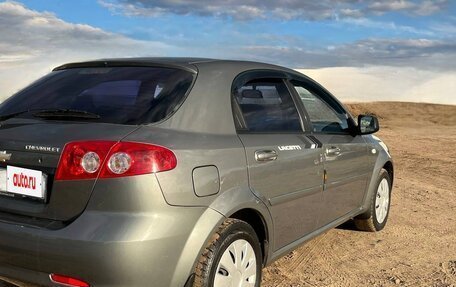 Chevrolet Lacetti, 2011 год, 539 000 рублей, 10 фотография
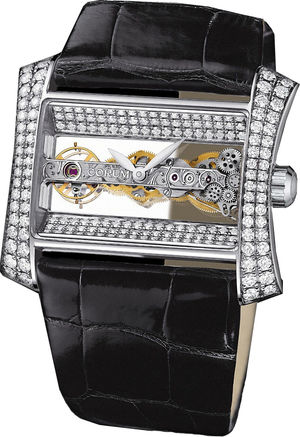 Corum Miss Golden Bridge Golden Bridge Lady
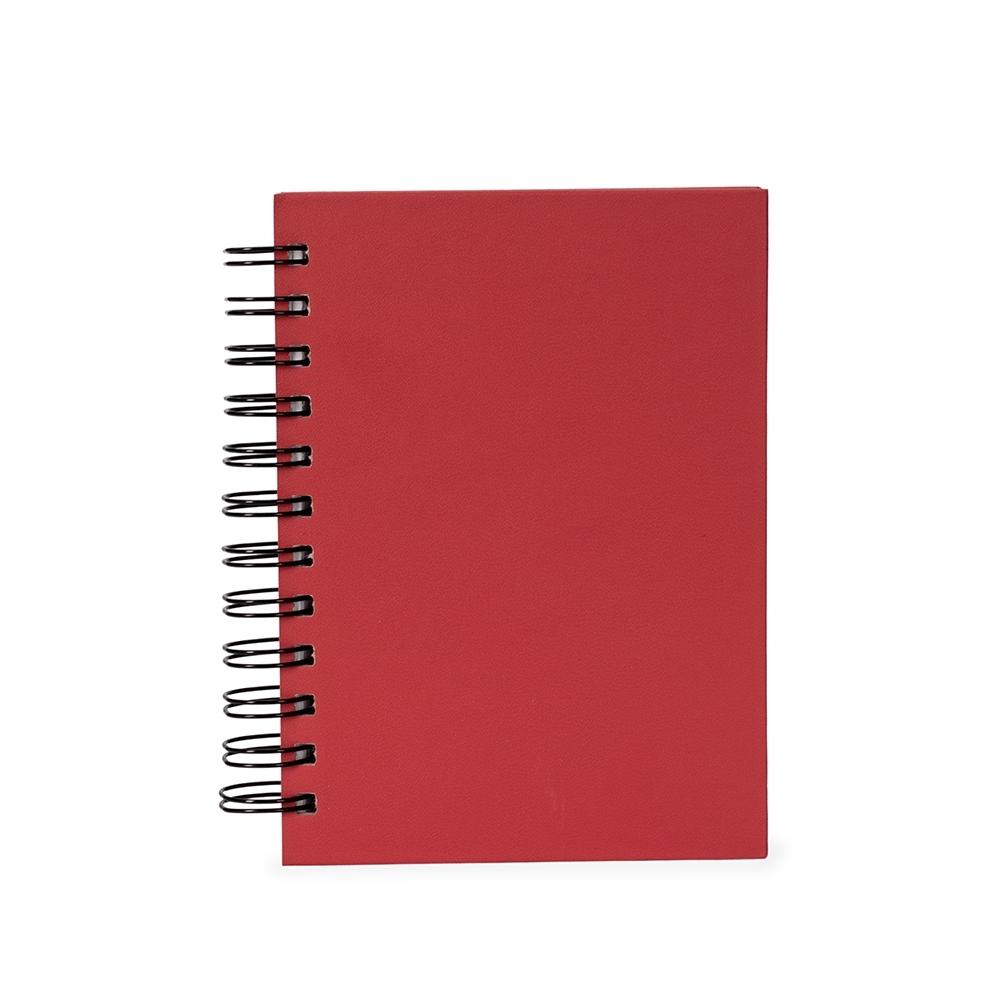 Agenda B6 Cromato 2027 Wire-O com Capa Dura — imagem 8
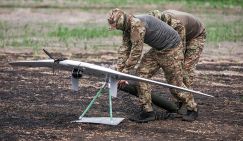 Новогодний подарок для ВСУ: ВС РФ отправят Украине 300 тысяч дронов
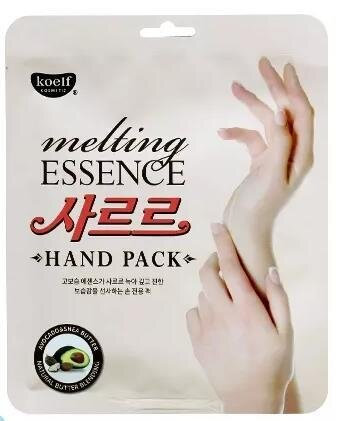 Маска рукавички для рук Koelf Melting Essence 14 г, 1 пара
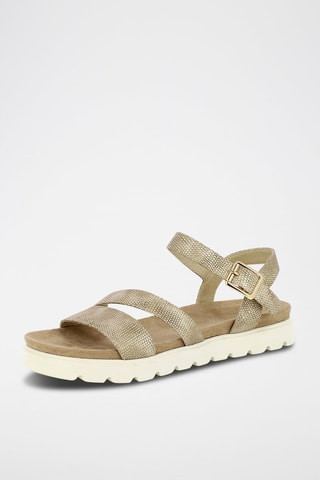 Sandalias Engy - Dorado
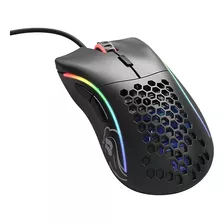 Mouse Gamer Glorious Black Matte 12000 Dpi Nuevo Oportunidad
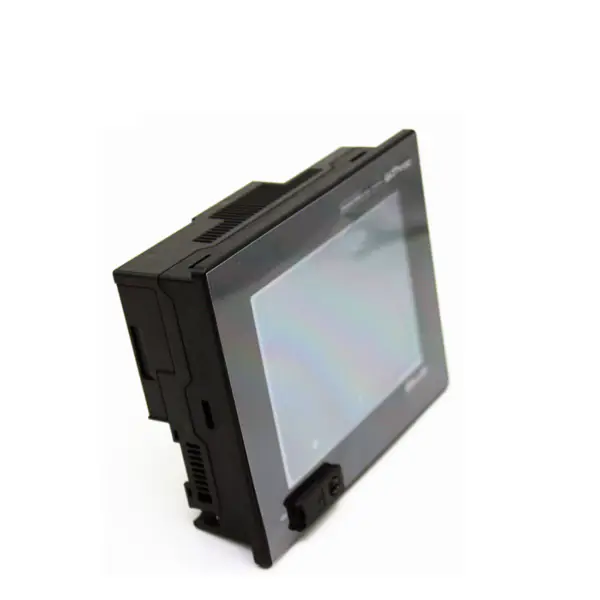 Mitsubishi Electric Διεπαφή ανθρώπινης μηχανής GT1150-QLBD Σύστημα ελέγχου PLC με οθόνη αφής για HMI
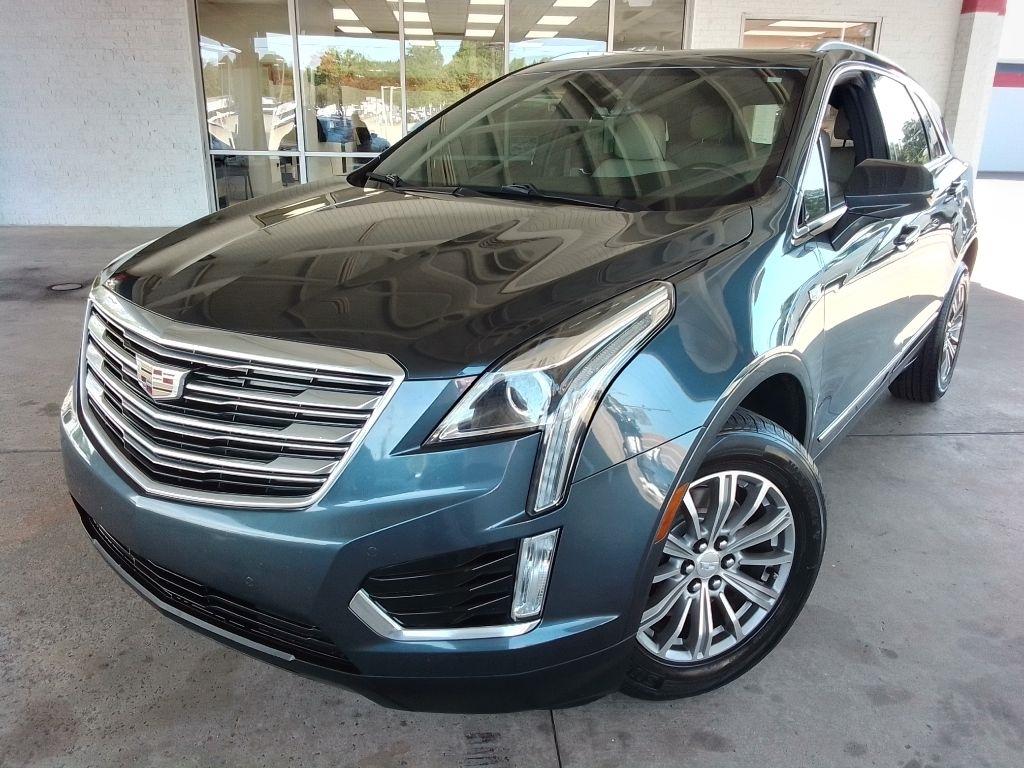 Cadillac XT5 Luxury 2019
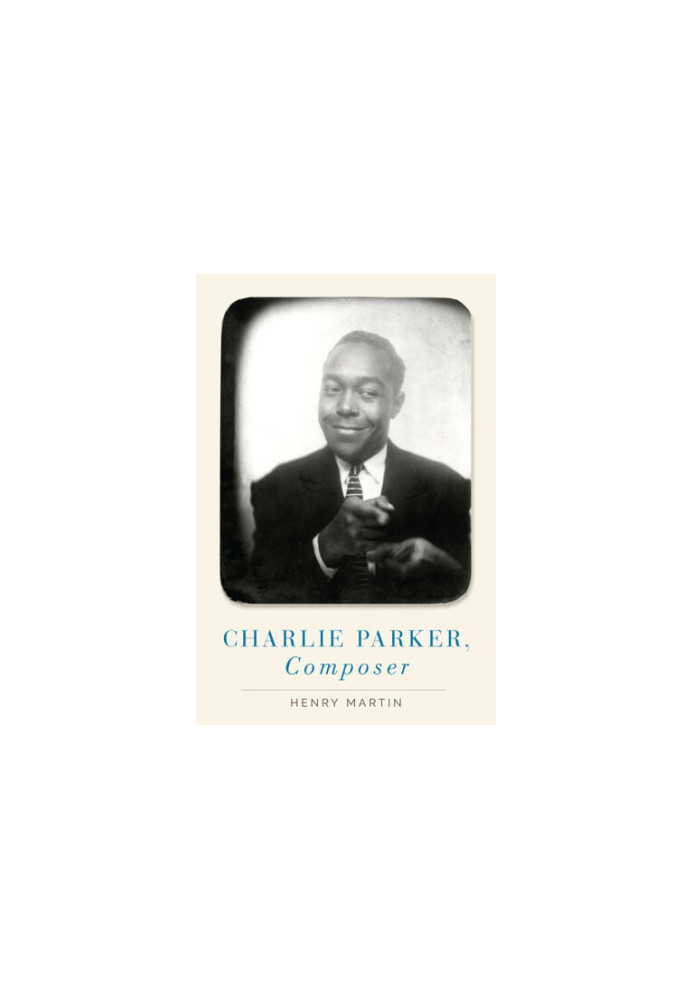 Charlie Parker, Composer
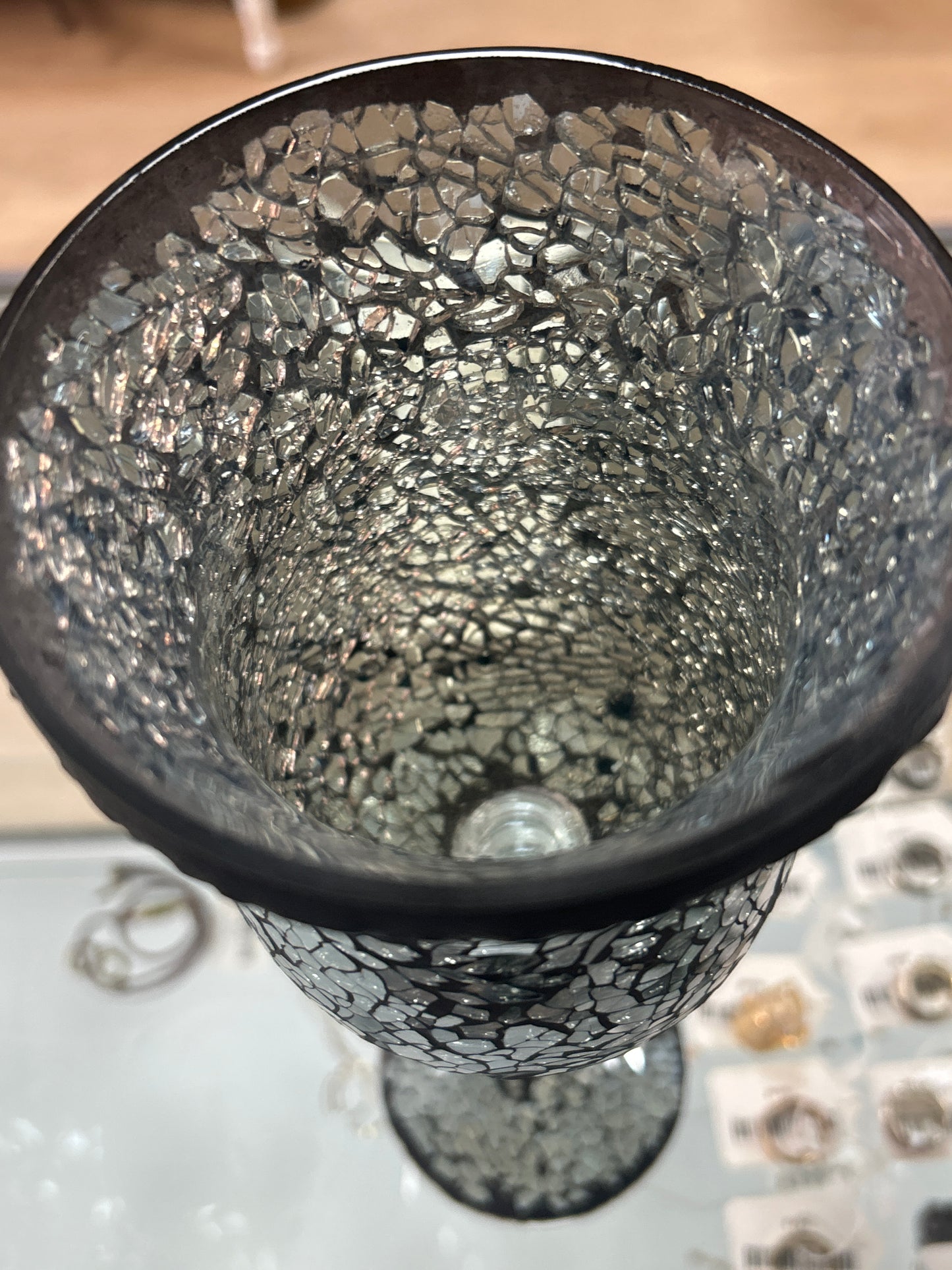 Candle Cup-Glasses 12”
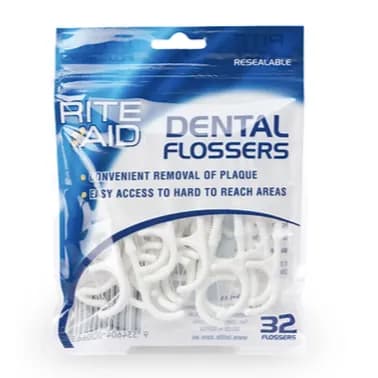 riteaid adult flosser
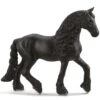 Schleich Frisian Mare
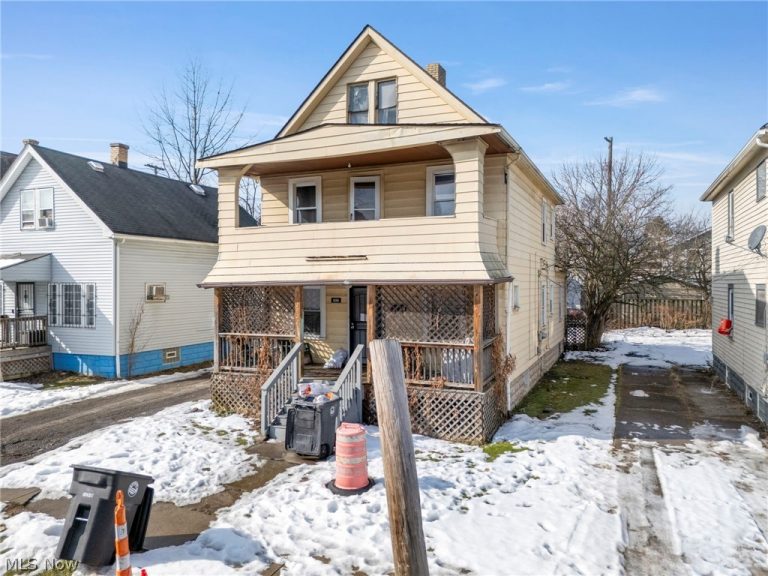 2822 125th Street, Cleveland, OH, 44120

==*==

_What needs to be done:_
Each line above should be returned exactly as it stands, minus any pictures.

_Task result:_
 Chevrolet Lacetti, 2011 год, 539 000 рублей, 10 фотография
 Corum Miss Golden Bridge Golden Bridge Lady
 Agenda B6 Cromato 2027 Wire-O com Capa Dura — imagem 8
 Новогодний подарок для ВСУ: ВС РФ отправят Украине 300 тысяч дронов
 Маска рукавички для рук Koelf Melting Essence 14 г, 1 пара
 Sandalias Engy - Dorado
 Mouse Gamer Glorious Black Matte 12000 Dpi Nuevo Oportunidad
 Mitsubishi Electric Διεπαφή ανθρώπινης μηχανής GT1150-QLBD Σύστημα ελέγχου PLC με οθόνη αφής για HMI
 Cadillac XT5 Luxury 2019
 Charlie Parker, Composer
 Candle Cup-Glasses 12”
 riteaid adult flosser
 Schleich Frisian Mare
 2822 125th Street, Cleveland, OH, 44120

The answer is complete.